An exact copy of every entry is the answer here, with no pictures.

SUPPLIED ENTRIES:
=== Begin Enclosure ===

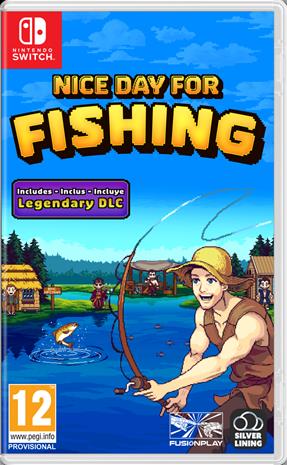 Nice Day for Fishing, Nintendo Switch -peli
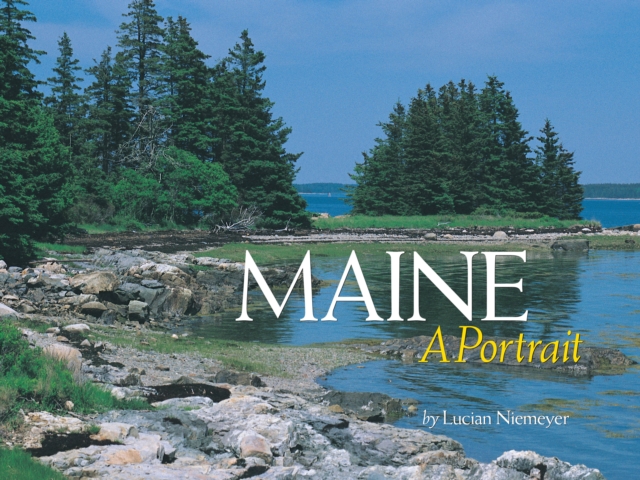 Maine : A Portrait, Paperback / softback Book
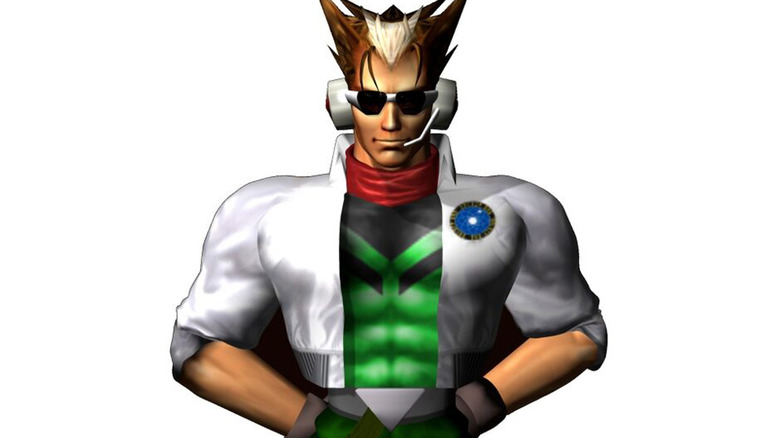 F-Zero James McCloud Posing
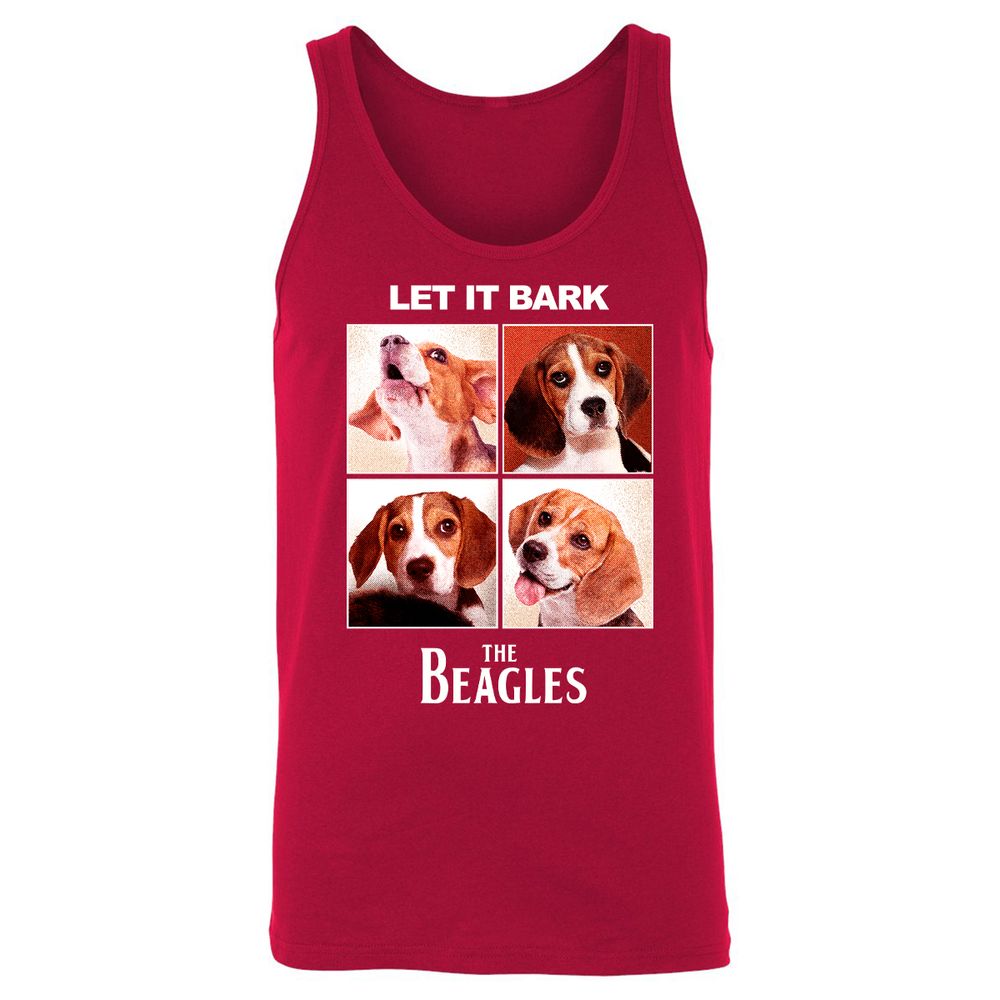 Unisex Jersey Tank - VUTG18JY - Red - 11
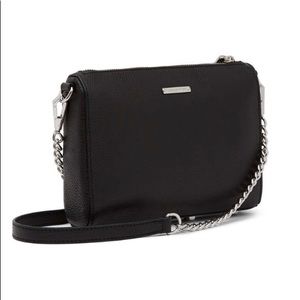 Rebecca Minkoff Panama mini 5 zip crossbody purse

=== End Enclosure ===

RESPONSE:
 Nice Day for Fishing, Nintendo Switch -peli
 Maine : A Portrait, Paperback / softback Book
 F-Zero James McCloud Posing
 Unisex Jersey Tank - VUTG18JY - Red - 11
 Rebecca Minkoff Panama mini 5 zip crossbody purse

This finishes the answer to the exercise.